ECLI:NL:RBAMS:2018:5258
Rechtbank Amsterdam
- Voorlopige voorziening
- Rechtspraak.nl
Bevel tot sluiting garagebedrijf wegens ernstige vrees voor openbare orde
In deze zaak heeft de voorzieningenrechter van de Rechtbank Amsterdam op 24 juli 2018 uitspraak gedaan in een verzoek om voorlopige voorziening van een garagebedrijf dat door de burgemeester van Amsterdam was bevolen te sluiten. De burgemeester had op 28 juni 2018 besloten het garagebedrijf per 29 juni 2018 voor onbepaalde tijd te sluiten, omdat het geopend blijven een ernstig gevaar voor de openbare orde zou opleveren. Het garagebedrijf heeft bezwaar gemaakt tegen dit besluit en verzocht om schorsing van de sluiting tijdens de bezwaarfase.
Tijdens de zitting op 18 juli 2018 heeft de voorzieningenrechter de argumenten van beide partijen gehoord. De burgemeester baseerde zijn besluit op een bestuurlijke rapportage van de Politie eenheid Amsterdam, waarin werd gesteld dat het garagebedrijf mogelijk betrokken was bij criminele activiteiten, waaronder drugshandel. Het garagebedrijf betwistte deze beschuldigingen en voerde aan dat er geen bewijs was voor hun betrokkenheid bij het inbouwen van verborgen ruimten in voertuigen.

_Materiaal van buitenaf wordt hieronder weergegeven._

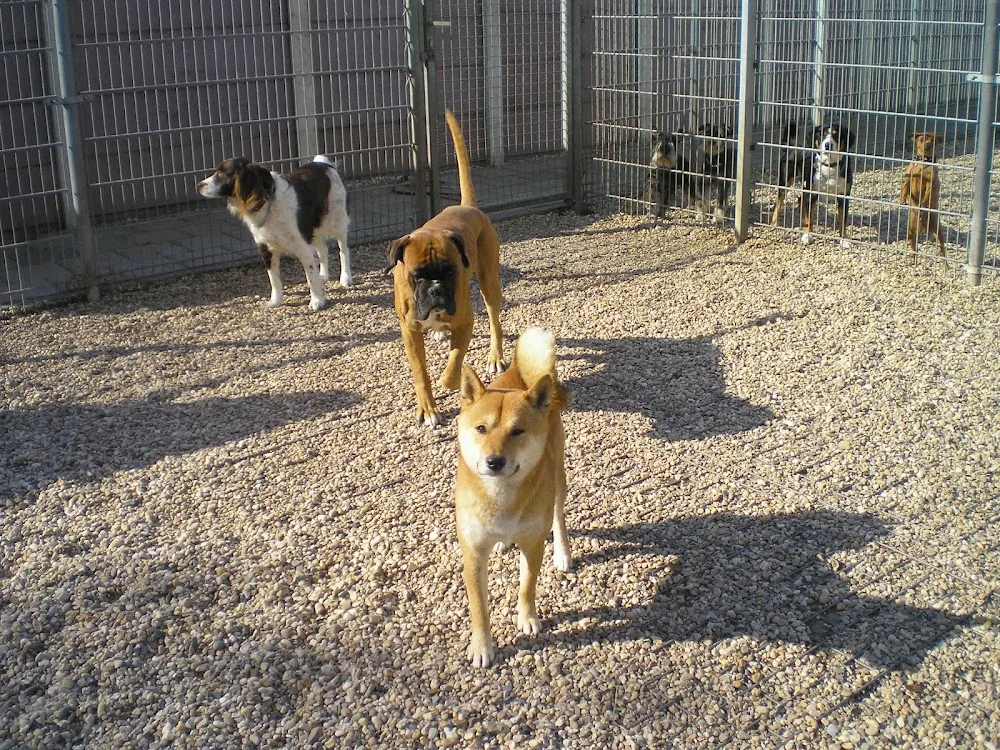 Klein Mezenberg Dierenpension - Biddinghuizen pet otel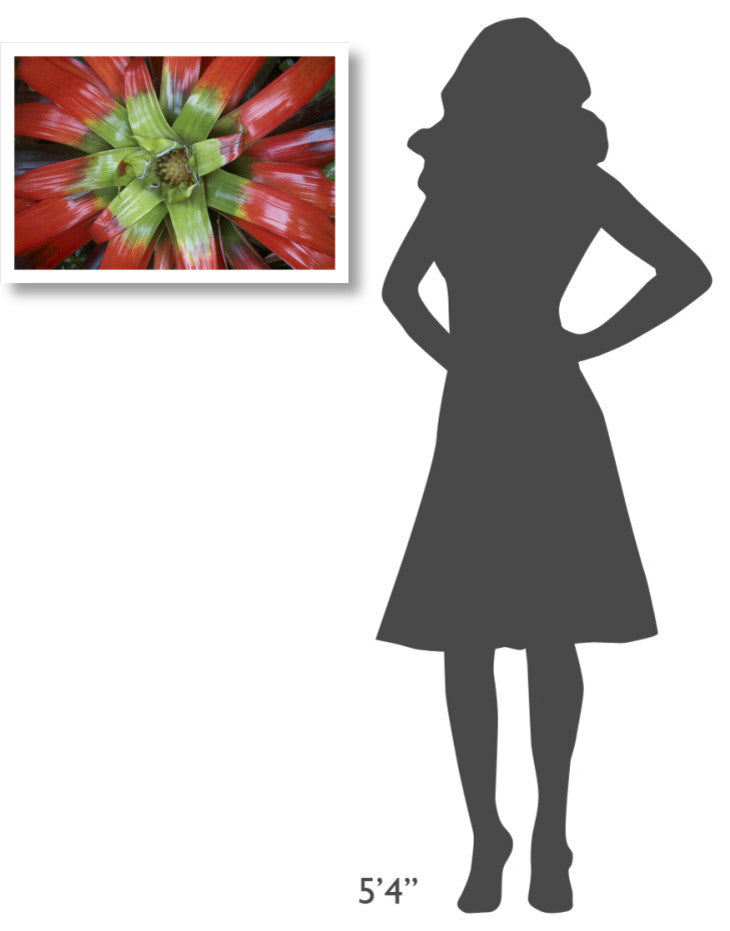 "Bromeliad flower, Costa Rica" Digital Paper Print by Tim Fitzharris, 26"x18"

De voorzieningenrechter oordeelde dat er voldoende aanwijzingen waren dat het garagebedrijf als sleutelplaats voor drugshandel werd gebruikt. Observaties en rapportages wezen op criminele activiteiten die zich rondom het garagebedrijf afspeelden. De voorzieningenrechter concludeerde dat de burgemeester in redelijkheid had kunnen besluiten tot sluiting van het garagebedrijf, en wees het verzoek om voorlopige voorziening af. De uitspraak werd openbaar gemaakt op 24 juli 2018, en er werd geen rechtsmiddel tegen deze uitspraak open gesteld.